IT’S an incredible 11 years since Yeovil Youth Theatre burst onto the scene with an unforgettable production of Les Miserables at The Gateway, and during the intervening years the company has introduced many young performers in a challenging variety of roles.
This year’s show, at the Octagon Theatre last week, was Annie, a perennial favourite of youth theatres but a first for YYT. Many of the performers who have been in Oliver, We Will Rock You, High School Musical, West Side Story, Footloose, Our House, Billy Elliot, Cats, Grease and The Adams Family have moved on to drama school and university, and this year’s company has the much-younger-than-usual average age of 14.
This made Annie a perfect choice, and co-directed and choreographed by Alan and Judy Lye-Forster with Kathryn Stevens in charge of the band, it was another spectacular success for the company.
The musical is based on the popular American cartoon strip Little Orphan Annie, created by Harold Gray and drawn by him from 1924 to 1968. It’s the sort of rags to riches tale that the can-do Americans love to this day, and its transfer to the stage has been equally in demand by audiences.

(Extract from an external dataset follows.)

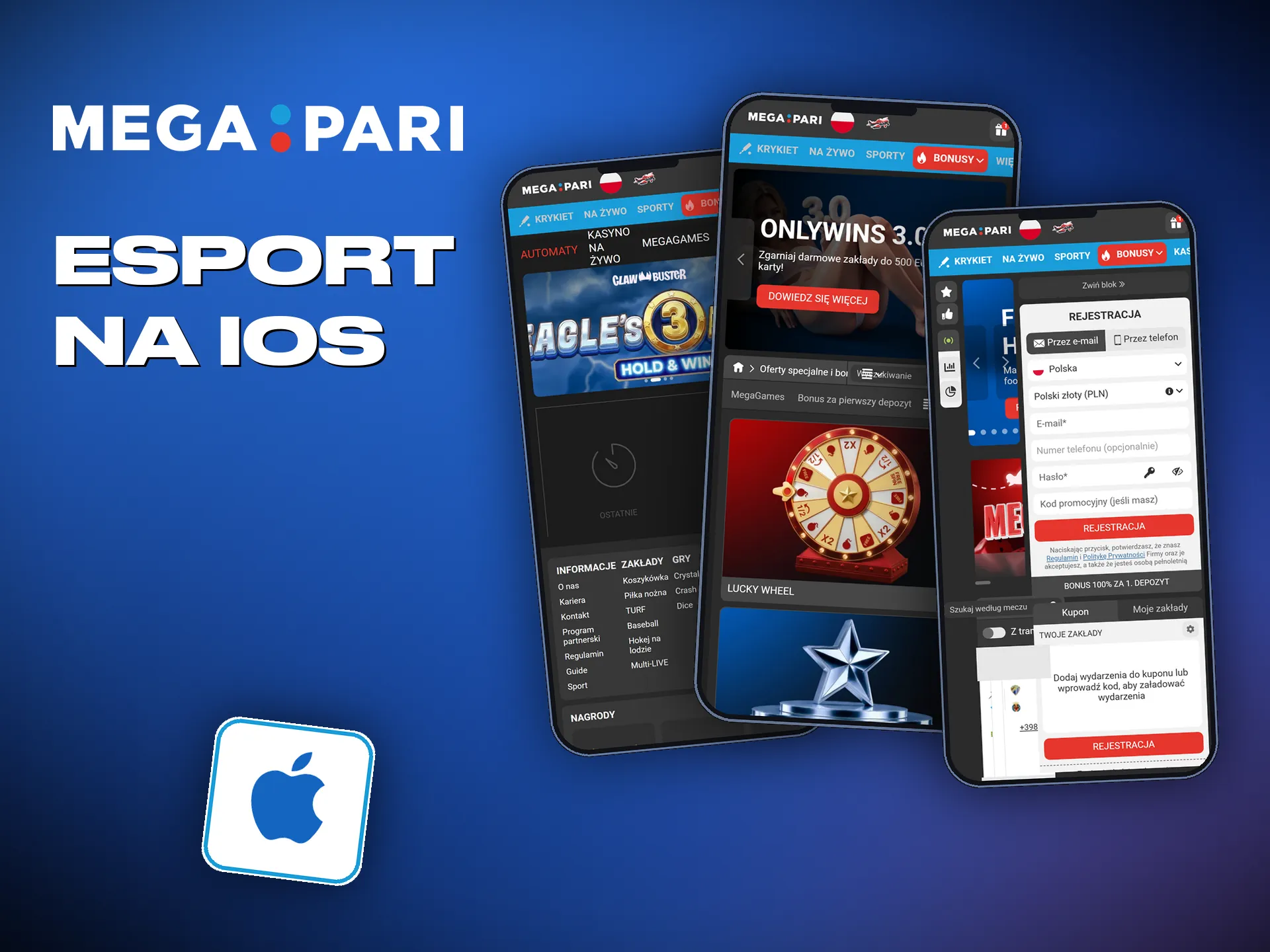 W systemie iOS Megapari działa z ekranu głównego jak aplikacja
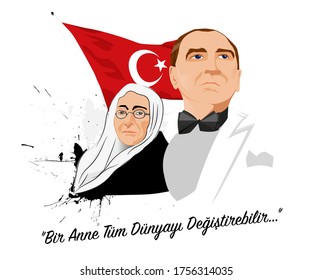 woman man and flag a text saying "bir anne tum dunyayi degistirebilir" translate  a mother can change the whole world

It takes Annie’s story from her unhappy days as an 11-year-old in a New York orphanage to her adoption by a multi-billionaire and her meeting with President Franklin D Roosevelt. The real misery of the orphanage – in which Annie waits in vain for the return of her parents while suffering the constant abuse of the drunken warden Miss Hannigan – can be lost in the feel-good-ness of the musical, but the YYT production makes no concessions.
To get some of the jokes you need a smattering of history, which seemed to be totally lacking in the Octagon Saturday matinee audience, and the reality of the Hooverville scene was lost, but it gave a nice opportunity for the introduction of Dolly McDoodle as Sandy the dog.
The central character is, of course, Annie herself, and performed by rising star Jessamy Bowditch she grabs the hearts of the audience as she does of Oliver Warbucks.
Professional actor Paul Nicholas Dyke, whose parents Trudy and Nick co-founded the company, made a welcome return to the Yeovil stage to play “Daddy” Warbucks, not the usual aged bald and overbearing figure but a sympathetic, charismatic and wholly convincing man who has wasted his life in the pursuit of money and only realises when he meets Annie that all he needs is love.
There was real chemistry between him and his secretary Grace Farrell (Lois Froude) and scenes in his Fifth Avenue mansion were a highlight.
Olivia MacGregor was a nasty scheming and lazy Miss Hannigan, with Sam Hardwill as her brother Rooster and Joanna Reay as his moll, Lily.
And the other “senior” cast member, Ian Wickens, was a likeable President Roosevelt.
The excellent band, strong on reeds and brass, brought out the poignancy of numbers like Maybe and the jazzy drive of Hard Knock Life and You’re Never Fully Dressed without a Smile.
This was another triumph for the company, whose organisers must be delighted that such a talented new cohort of young performers is waiting in the wings for the major roles.